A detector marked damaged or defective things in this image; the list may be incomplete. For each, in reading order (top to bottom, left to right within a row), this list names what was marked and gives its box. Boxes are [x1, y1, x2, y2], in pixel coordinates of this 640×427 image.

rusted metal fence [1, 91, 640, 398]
---
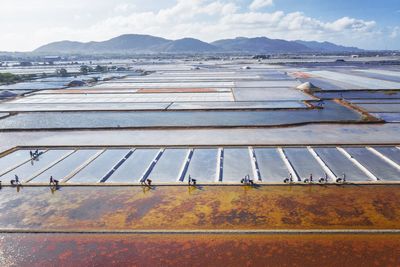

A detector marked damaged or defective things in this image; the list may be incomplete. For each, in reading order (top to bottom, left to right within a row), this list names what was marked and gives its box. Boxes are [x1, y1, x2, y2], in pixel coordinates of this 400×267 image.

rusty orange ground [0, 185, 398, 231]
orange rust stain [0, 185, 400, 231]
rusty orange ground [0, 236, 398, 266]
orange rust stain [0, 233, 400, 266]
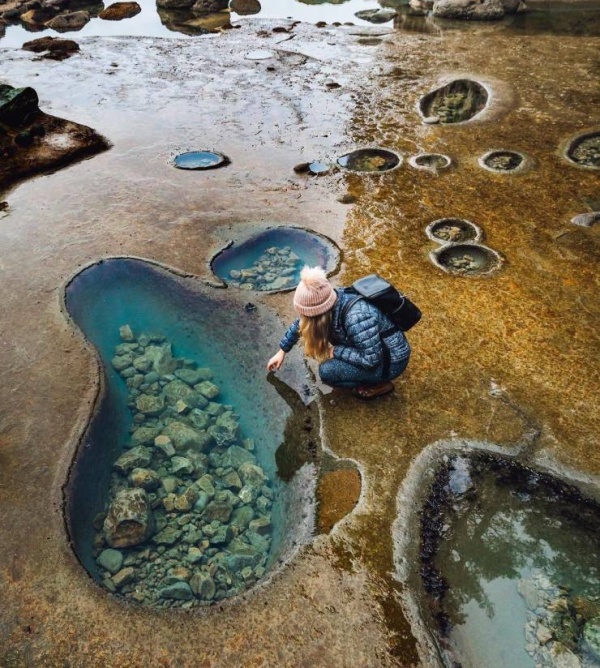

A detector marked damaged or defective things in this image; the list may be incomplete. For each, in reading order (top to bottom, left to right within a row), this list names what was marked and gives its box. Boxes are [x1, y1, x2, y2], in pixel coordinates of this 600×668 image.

What is being asked: Of all the material above, only the lines from the one that has "this 400×267 image." down to the one that has "this 600×668 image." are to be written out, exactly and with both ends included. Pictures are skipped.

Result of this exercise:
A detector marked damaged or defective things in this image; the list may be incomplete. For each, in reading order (top to bottom, left to right within a row), this list names what was marked and gives its box. Boxes are [x1, y1, x2, y2], in pixel coordinates of this 400×267 image.

rusty orange ground [0, 185, 398, 231]
orange rust stain [0, 185, 400, 231]
rusty orange ground [0, 236, 398, 266]
orange rust stain [0, 233, 400, 266]

A detector marked damaged or defective things in this image; the list may be incomplete. For each, in reading order (top to bottom, left to right within a row), this list names what was marked and gives its box. Boxes are [x1, y1, x2, y2], in pixel coordinates of this 600×668 image.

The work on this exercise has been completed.